2. molecular dynamics

Consider the following example:

import psiflow
from psiflow.sampling import Walker, sample, replica_exchange
from psiflow.geometry import Geometry
from psiflow.hamiltonians import MACEHamiltonian


def main():
    mace = MACEHamiltonian.mace_mp0()
    start = Geometry.load('start.xyz')

    walkers = Walker(mace, temperature=300).multiply(8)

    outputs = sample(walkers, steps=int(1e9), step=10)   # extremely long
    for i, output in enumerate(outputs):
        output.trajectory.save(f'{i}.xyz')


if __name__ == '__main__':
    with psiflow.load():
        main()

In this example, we use MACE-MP0 to run 8 molecular dynamics simulations in the NVT ensemble. Since they are all independent from each other, psiflow will attempt to execute them in parallel as much as possible. The configuration section which deals with ML potential inference, including molecular dynamics but also geometry optimization and hamiltonian.compute() calls, is named ModelEvaluation:

ModelEvaluation:
  cores_per_worker: 12
  gpu: true
  slurm:
    partition: "infinite_a100"
    account: "112358"
    nodes_per_block: 2
    cores_per_node: 48          # full node; sometimes granted faster than partials
    max_blocks: 1
    walltime: "01:00:00"        # small to try and skip the queue
    scheduler_options: "#SBATCH --gpus=4"

It is in general quite similar to ModelTraining. Because in general, psiflow workflows contain a large number of molecular dynamics simulations, it makes sense to ask for larger allocations for each block (= SLURM job). In this example, we immediately ask for two full GPU nodes, with four GPUs each. This is exactly the amount we need to execute all eight molecular dynamics simulations in parallel, without wasting any resources. As such, when we execute the above example using python script.py config.yaml, Parsl will recognize that we need resources for eight simulations, ask for precisely one allocation according to the above parameters, and start all eight simulations simultaneously.

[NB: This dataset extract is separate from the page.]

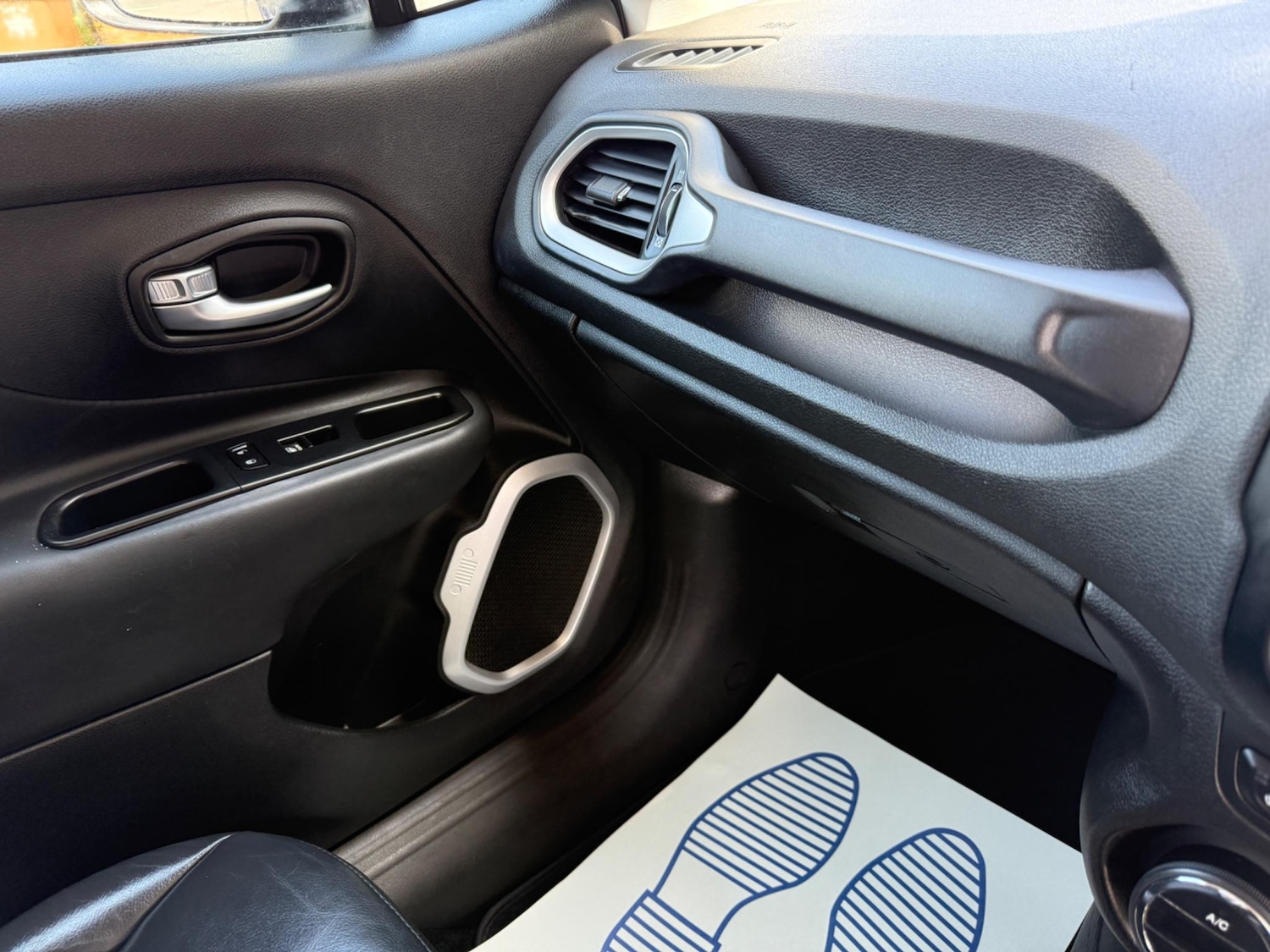 Used Jeep Renegade 2017 for sale - 76995167: Photo 32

Of course, we greatly overestimate the number of steps we wish to simulate. The SLURM allocation has a walltime of one hour, which means that if a simulation does not finish in 12 hours, it will be gracefully terminated and the saved trajectories will only cover a fraction of the requested one billion steps. Psiflow will not automatically continue the simulations on a new SLURM allocation.

The available keywords in the ModelEvaluation section are the same as for ModelTraining, except for one:

max_simulation_time (float, in minutes):

3. QM calculations

Finally, we need to specify how QM calculations are performed. By default, these calculations are not executed within the container image provided by container_uri at the top level. Users can choose to rely on their system-installed QM software or employ one of the smaller and specialized container images for CP2K or GPAW. We will discuss both cases below.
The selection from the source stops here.